● **Work instruction**:
For this exercise, retype the lines from the one that holds "Here's a quick" through the one that holds "That's how you" in the records below, both included, exactly and without pictures.

● **Task inputs**:
====
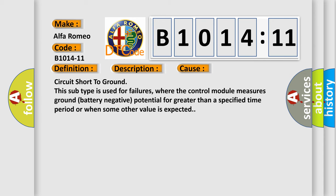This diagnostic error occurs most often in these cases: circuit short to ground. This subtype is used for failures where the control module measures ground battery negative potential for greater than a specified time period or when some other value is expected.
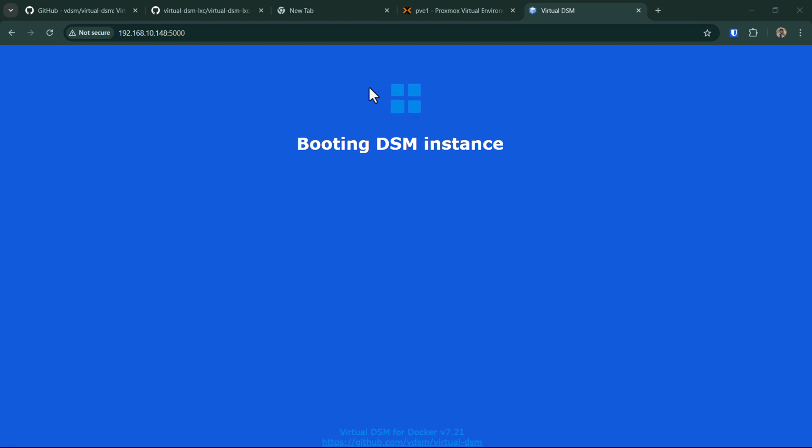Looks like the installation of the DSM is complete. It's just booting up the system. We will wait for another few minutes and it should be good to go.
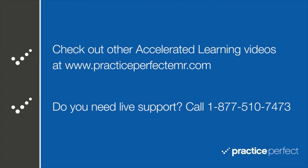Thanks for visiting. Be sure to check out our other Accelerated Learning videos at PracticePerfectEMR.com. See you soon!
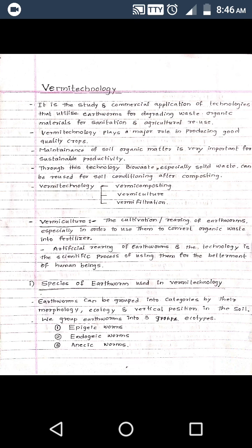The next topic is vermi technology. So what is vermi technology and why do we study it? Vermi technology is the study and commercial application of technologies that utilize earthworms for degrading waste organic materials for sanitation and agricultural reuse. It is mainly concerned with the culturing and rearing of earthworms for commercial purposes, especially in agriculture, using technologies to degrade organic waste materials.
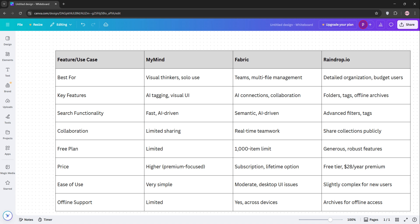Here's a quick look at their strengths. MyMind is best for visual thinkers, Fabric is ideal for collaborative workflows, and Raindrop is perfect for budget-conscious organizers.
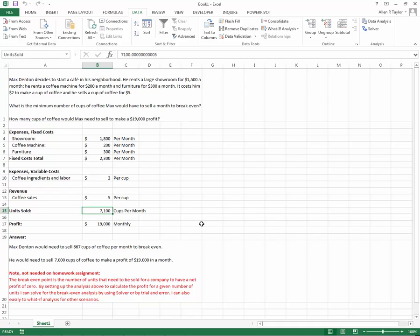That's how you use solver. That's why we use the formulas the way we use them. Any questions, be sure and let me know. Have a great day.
====
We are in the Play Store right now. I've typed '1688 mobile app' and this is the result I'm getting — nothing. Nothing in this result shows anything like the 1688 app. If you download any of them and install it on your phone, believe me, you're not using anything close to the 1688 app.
====
● **Final answer**:
Here's a quick look at their strengths. MyMind is best for visual thinkers, Fabric is ideal for collaborative workflows, and Raindrop is perfect for budget-conscious organizers.
That's how you use solver. That's why we use the formulas the way we use them. Any questions, be sure and let me know. Have a great day.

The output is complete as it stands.